Spider-Man: No Way Home is simply an unstoppable juggernaut right now and the second-rate The 355 is going to be lost deep in its box-office shadow.

The film will also suffer because it’s just another in a long line of recent girl-power propaganda movies that were obviously more focused on getting their neo-feminist “women should behave like men” message out than on making a quality film.

Ghostbusters (2016), Ocean’s 8, Charlie’s Angels (2019), Terminator: Dark Fate, Birds of Prey and Black Widow, all put their neo-feminist message first and entertaining their audience second, and they either bombed or underperformed at the box office, struggling to break even.

The only reason many of the above-mentioned movies, as well as The 355, were made, was because they appeased the pussyhat-wearing brigade by featuring women as action heroes.

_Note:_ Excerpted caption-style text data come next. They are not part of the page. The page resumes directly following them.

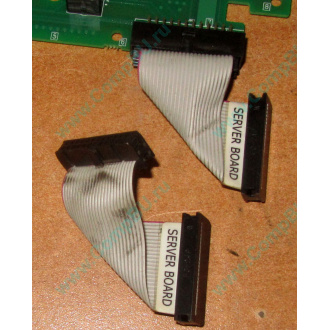 6017B0045701 Шлейф 24 pin для Intel C74974-401 T0043401-B01 корпуса SR2400 (Домодедово)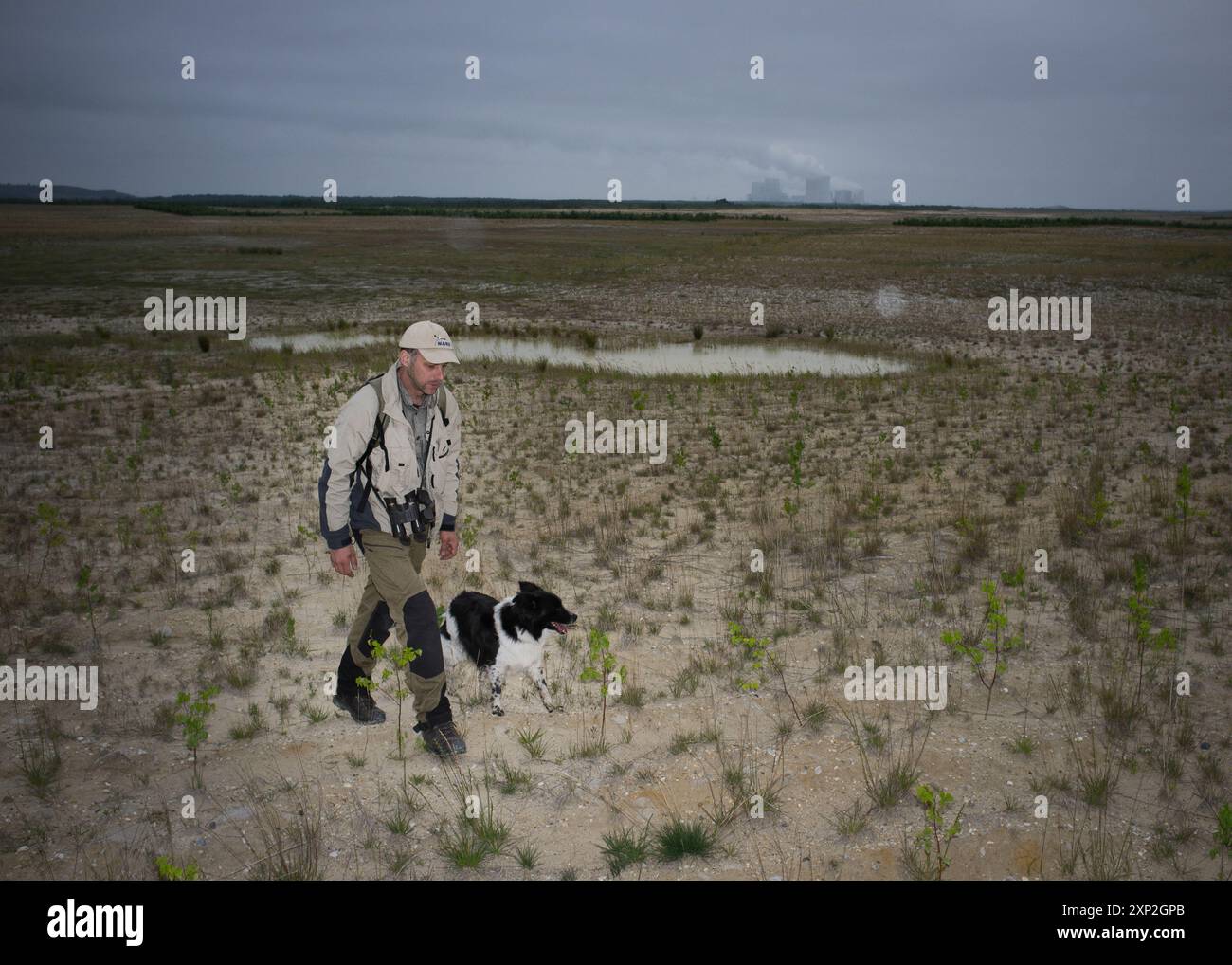 Nabu Wolf expert, sur une recherche sur le terrain avec son chien à Lusatia, Allemagne. Prise dans une ancienne zone minière en juin 2011. Banque D'Images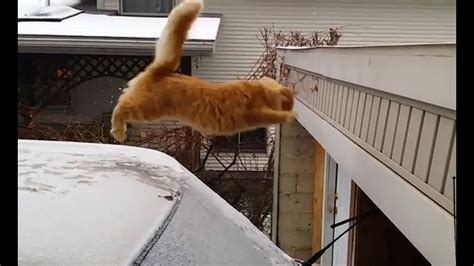 Funny Cat Jump Fail 2015 Doovi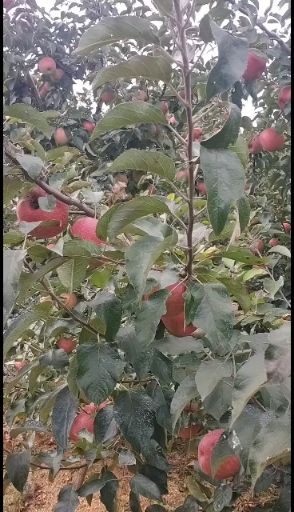 寒富苹果  不套袋寒富光果，一件代发各种平台
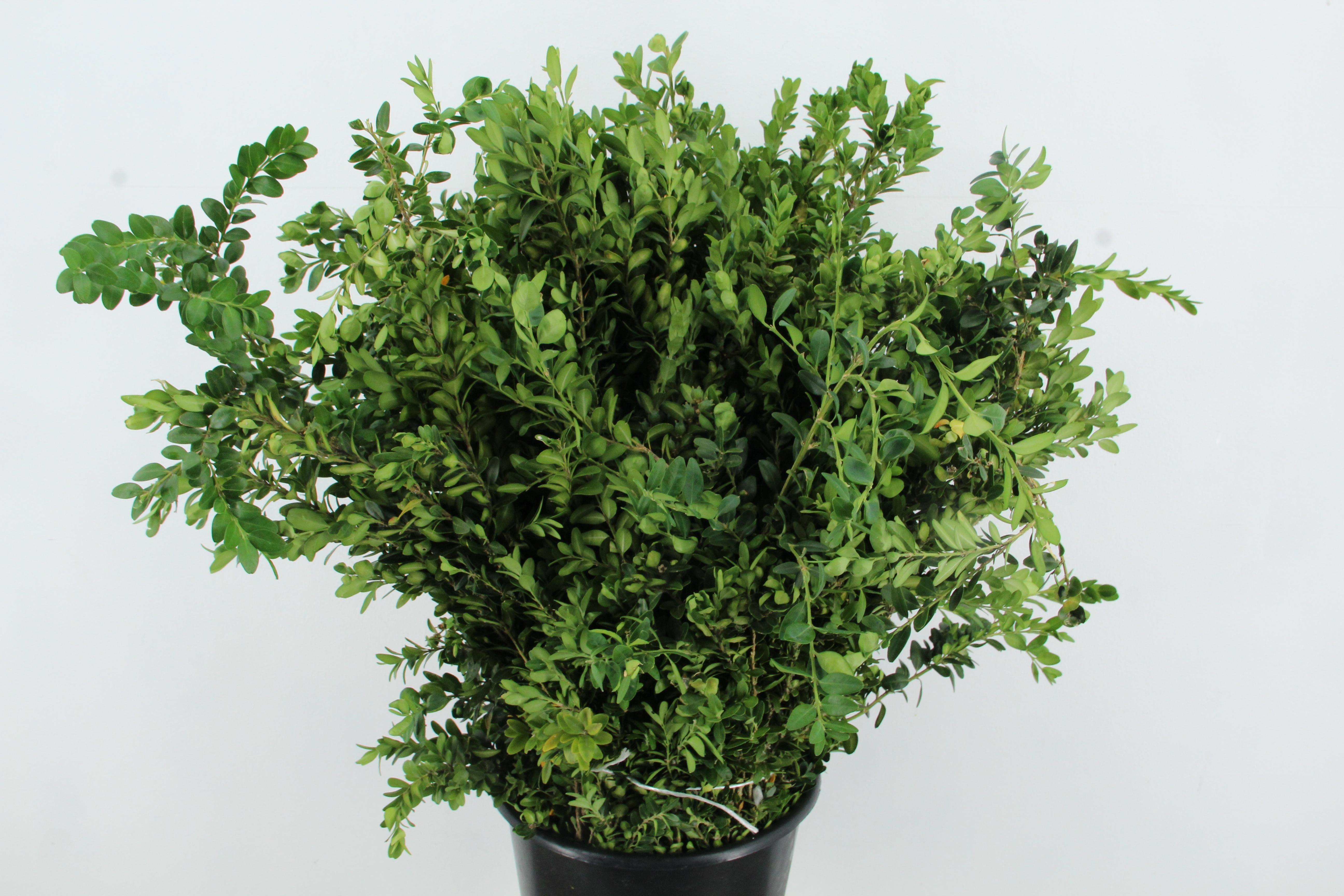 Buxus Sempervirens Per Bunch 65cm 400gr.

The problem, though, is that The 355, and many of its predecessors, are just dreadful movies and, fairly or not, their failures are seen by many to be a referendum on not only the future of female led-films, but also on the insipid cultural politics these films espouse.

A wise man, and it was most assuredly a man, as pop culture tells me my gender compulsively mansplains things, once said, “get woke, go broke.” In regards to The 355, that statement definitely holds true, as this shoddy, vacuously neo-feminist movie has earned the right to be entirely ignored.